L’episodio mi è tornato in mente sabato 13 settembre 1998, durante la trasmissione televisiva dei funerali di Madre Teresa di Calcutta. Una delle interpreti simultanee ha tradotto una delle preghiere che sono state recitate, e che diceva, più o meno (cito a memoria)... "Donale o Signore la quiete eterna e sia illuminata per sempre..." Qui però si chiedeva non di interpretare il testo inglese, ma di riconoscere il Requiem Aeternam e di usare la formula italiana corrispondente: "L’eterno riposo dona a lei o Signore..." La maggior difficoltà nel tradurre e nell’interpretare consiste a volte nell’individuare i riferimenti culturali e le citazioni per restituirle nella loro forma autentica o consueta.

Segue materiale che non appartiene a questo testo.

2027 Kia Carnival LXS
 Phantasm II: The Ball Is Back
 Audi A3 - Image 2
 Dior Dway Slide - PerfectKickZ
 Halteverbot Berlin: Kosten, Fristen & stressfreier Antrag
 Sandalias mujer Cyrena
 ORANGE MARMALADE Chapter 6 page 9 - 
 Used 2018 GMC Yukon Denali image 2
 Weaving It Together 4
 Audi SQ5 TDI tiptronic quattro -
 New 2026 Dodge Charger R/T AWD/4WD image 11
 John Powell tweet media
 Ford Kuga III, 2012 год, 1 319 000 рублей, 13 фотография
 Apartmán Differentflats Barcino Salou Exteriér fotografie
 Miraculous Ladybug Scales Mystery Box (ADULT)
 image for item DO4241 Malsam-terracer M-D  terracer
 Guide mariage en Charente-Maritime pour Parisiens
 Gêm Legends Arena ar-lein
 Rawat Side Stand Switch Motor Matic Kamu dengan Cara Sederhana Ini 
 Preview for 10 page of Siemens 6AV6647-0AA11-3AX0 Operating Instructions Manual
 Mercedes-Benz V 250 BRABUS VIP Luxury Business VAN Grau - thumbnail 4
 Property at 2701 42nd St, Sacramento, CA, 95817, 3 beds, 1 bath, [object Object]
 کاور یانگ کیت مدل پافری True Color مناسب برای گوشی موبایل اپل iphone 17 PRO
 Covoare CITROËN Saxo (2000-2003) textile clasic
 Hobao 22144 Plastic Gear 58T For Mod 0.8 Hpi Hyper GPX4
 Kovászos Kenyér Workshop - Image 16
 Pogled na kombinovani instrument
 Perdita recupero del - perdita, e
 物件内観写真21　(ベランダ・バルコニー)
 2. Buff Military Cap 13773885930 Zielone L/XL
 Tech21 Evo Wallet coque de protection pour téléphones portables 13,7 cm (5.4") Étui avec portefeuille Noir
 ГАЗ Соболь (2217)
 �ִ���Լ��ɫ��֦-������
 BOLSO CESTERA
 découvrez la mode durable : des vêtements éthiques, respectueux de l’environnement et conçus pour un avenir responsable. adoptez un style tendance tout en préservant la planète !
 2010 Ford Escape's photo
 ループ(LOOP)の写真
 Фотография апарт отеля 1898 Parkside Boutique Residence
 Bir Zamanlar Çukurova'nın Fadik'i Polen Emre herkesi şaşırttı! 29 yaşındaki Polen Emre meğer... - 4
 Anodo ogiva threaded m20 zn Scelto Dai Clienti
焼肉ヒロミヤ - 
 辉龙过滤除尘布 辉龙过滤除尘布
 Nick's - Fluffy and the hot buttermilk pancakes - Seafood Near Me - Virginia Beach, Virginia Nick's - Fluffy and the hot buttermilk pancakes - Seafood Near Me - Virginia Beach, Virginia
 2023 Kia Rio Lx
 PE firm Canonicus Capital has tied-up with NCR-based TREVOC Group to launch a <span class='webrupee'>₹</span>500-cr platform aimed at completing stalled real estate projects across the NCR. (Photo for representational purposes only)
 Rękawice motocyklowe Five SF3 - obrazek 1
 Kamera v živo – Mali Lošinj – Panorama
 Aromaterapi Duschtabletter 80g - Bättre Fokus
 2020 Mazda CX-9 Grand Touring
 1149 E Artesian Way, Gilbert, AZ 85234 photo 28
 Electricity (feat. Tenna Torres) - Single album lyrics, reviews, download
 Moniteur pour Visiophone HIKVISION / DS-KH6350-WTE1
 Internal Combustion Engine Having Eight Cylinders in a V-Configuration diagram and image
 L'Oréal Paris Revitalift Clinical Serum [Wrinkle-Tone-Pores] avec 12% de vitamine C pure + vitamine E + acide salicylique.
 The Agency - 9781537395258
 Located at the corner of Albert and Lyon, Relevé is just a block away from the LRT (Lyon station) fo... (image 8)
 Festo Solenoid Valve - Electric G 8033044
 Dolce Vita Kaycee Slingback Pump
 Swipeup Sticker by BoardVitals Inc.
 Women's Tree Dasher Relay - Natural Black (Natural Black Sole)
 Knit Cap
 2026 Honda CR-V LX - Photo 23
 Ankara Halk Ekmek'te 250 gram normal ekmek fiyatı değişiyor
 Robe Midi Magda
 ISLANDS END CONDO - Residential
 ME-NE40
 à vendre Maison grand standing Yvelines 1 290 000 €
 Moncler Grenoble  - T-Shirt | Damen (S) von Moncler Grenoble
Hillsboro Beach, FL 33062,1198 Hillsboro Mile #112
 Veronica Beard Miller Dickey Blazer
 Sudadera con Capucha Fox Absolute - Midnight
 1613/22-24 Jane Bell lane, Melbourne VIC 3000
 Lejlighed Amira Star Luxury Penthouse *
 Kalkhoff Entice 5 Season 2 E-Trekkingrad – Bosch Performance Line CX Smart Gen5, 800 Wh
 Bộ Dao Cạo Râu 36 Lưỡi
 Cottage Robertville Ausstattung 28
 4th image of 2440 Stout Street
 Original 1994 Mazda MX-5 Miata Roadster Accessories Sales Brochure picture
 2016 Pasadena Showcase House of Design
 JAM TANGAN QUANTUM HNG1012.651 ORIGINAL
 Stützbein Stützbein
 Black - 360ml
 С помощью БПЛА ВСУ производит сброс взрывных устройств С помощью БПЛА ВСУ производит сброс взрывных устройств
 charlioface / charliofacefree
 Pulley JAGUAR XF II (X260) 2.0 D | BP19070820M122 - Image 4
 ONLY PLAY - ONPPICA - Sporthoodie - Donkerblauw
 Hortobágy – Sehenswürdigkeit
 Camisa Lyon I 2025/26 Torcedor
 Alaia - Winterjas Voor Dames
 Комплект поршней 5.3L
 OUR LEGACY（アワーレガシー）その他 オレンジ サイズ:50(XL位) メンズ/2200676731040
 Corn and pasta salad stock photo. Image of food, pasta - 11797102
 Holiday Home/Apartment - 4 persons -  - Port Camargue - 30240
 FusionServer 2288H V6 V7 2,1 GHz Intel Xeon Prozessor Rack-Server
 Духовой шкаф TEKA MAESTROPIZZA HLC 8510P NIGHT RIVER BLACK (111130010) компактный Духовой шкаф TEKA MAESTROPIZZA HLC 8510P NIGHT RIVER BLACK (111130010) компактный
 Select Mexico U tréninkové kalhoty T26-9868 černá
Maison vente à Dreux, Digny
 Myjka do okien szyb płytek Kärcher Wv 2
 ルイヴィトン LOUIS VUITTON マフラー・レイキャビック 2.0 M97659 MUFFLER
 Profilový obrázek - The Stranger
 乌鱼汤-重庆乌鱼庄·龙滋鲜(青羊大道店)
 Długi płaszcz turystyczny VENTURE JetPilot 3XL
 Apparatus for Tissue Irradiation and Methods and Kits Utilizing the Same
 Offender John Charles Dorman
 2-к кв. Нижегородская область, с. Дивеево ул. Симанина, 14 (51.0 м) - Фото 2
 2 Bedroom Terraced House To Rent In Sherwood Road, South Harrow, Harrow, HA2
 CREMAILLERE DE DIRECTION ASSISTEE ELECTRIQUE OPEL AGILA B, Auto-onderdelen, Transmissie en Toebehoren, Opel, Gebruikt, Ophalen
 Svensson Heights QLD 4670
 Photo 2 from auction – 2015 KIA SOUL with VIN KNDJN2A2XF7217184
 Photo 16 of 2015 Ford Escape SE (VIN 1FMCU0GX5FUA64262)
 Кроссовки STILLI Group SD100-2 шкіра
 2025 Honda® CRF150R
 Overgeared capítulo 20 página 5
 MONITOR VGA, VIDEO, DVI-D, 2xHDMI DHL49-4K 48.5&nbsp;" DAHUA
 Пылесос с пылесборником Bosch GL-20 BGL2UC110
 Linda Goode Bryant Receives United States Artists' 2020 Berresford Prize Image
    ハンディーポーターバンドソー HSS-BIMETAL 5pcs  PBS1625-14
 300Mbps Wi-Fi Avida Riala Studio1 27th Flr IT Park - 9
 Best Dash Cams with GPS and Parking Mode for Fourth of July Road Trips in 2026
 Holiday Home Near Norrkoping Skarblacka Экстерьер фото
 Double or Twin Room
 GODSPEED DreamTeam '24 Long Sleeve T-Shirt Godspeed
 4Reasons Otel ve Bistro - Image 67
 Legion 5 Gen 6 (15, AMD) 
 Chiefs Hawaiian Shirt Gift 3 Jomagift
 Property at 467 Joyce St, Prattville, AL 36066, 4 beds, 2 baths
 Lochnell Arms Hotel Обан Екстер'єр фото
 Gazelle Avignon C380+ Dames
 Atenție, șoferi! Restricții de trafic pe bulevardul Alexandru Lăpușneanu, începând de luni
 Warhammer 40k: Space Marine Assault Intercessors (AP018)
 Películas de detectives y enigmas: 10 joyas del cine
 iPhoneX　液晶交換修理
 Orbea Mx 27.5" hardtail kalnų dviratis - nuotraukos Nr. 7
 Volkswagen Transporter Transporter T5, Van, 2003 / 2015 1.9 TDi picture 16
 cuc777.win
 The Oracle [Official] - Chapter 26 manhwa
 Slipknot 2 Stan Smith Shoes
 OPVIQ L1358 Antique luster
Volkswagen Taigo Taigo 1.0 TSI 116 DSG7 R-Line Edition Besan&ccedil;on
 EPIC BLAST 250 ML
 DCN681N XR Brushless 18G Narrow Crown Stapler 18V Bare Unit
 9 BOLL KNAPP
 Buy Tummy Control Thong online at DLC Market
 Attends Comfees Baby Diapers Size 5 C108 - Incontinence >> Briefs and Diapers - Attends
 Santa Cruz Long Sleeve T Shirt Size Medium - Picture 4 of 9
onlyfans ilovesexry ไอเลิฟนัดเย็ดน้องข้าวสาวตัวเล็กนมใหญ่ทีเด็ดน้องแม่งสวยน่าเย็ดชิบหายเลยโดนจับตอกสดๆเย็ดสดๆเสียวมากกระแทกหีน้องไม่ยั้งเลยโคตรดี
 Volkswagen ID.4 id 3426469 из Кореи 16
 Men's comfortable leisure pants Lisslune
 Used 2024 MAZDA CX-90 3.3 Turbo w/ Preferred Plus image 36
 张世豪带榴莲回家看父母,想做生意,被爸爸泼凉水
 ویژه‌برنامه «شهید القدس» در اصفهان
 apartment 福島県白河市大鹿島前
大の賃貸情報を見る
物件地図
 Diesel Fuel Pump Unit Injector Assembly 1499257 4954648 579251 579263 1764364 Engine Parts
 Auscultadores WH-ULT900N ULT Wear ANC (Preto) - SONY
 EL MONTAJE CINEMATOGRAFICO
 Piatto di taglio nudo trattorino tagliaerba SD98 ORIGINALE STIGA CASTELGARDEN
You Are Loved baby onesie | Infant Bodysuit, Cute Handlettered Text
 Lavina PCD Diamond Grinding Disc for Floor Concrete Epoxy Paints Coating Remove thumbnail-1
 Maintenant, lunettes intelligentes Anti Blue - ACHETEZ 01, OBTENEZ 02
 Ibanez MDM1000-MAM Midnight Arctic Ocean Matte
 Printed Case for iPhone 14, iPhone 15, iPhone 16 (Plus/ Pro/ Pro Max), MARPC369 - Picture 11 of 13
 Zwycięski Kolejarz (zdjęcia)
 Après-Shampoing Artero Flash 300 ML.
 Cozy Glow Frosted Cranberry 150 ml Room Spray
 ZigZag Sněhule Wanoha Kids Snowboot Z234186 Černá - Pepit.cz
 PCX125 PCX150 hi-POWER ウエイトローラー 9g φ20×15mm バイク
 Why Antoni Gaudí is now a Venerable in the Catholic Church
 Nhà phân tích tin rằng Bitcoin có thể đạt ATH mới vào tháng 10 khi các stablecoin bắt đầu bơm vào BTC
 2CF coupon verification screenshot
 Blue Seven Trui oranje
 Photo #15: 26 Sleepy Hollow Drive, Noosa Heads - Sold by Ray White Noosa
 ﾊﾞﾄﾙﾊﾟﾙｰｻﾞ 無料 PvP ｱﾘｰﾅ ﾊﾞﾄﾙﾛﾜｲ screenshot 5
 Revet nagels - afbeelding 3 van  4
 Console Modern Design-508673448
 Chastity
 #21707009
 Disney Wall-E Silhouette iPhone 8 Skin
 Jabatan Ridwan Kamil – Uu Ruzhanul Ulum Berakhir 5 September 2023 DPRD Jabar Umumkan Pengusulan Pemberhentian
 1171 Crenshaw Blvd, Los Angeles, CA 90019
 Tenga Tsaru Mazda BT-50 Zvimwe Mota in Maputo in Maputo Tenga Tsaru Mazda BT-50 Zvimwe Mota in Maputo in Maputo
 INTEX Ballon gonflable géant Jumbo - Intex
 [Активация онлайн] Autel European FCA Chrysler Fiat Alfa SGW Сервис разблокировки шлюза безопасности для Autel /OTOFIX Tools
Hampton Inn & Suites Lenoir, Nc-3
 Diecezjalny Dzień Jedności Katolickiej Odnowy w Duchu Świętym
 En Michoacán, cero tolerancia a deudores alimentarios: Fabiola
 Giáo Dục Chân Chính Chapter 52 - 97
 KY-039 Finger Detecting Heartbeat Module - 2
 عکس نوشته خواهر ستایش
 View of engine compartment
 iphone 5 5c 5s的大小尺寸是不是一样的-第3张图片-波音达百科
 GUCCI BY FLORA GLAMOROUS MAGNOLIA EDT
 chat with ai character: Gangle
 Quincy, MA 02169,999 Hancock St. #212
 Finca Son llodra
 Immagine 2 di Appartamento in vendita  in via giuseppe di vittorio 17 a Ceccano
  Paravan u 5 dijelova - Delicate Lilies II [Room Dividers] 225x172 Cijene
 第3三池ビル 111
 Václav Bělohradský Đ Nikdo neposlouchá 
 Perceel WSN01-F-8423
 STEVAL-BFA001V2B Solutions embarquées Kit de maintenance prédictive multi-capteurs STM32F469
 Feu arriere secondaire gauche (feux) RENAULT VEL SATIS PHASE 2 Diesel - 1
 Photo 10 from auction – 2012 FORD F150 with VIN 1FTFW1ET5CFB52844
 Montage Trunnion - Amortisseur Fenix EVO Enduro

Madre Teresa sapeva fare un uso estremamente essenziale della lingua inglese. Ne ero rimasto colpito durante un incontro a San Siro promosso dal Cardinale Colombo in difesa della vita. Si capisce che se l’interiorità è ricca, anche un’albanese trapiantata in India sa piegare una lingua non sua perché esprima la profondità dell’anima. Ho ritrovato quella essenzialità durante la cerimonia funebre, osservando il Crocefisso che era accanto alla bara e che si trova in tutte le case delle Missionarie della Carità. Dal Crocifisso pendono due scritte in inglese: I THIRST "ho sete" e YOU DID IT FOR ME "l’avete fatto a me." Parlo di essenzialità perché nel primo caso ha scelto di conservare una traduzione antica della Passione secondo Giovanni — oggi si direbbe I am thirsty per "ho sete," ed è così che lo si ritrova nelle versioni moderne, mentre la seconda è una traduzione recente del Vangelo di Matteo, molto più chiara e diretta del vecchio you have done it unto me.

Saranno dettagli, ma mi piace pensare che lo Spirito di Dio agisce anche suggerendo le versioni in inglese più capaci di colpire il cuore e imprimersi nella mente.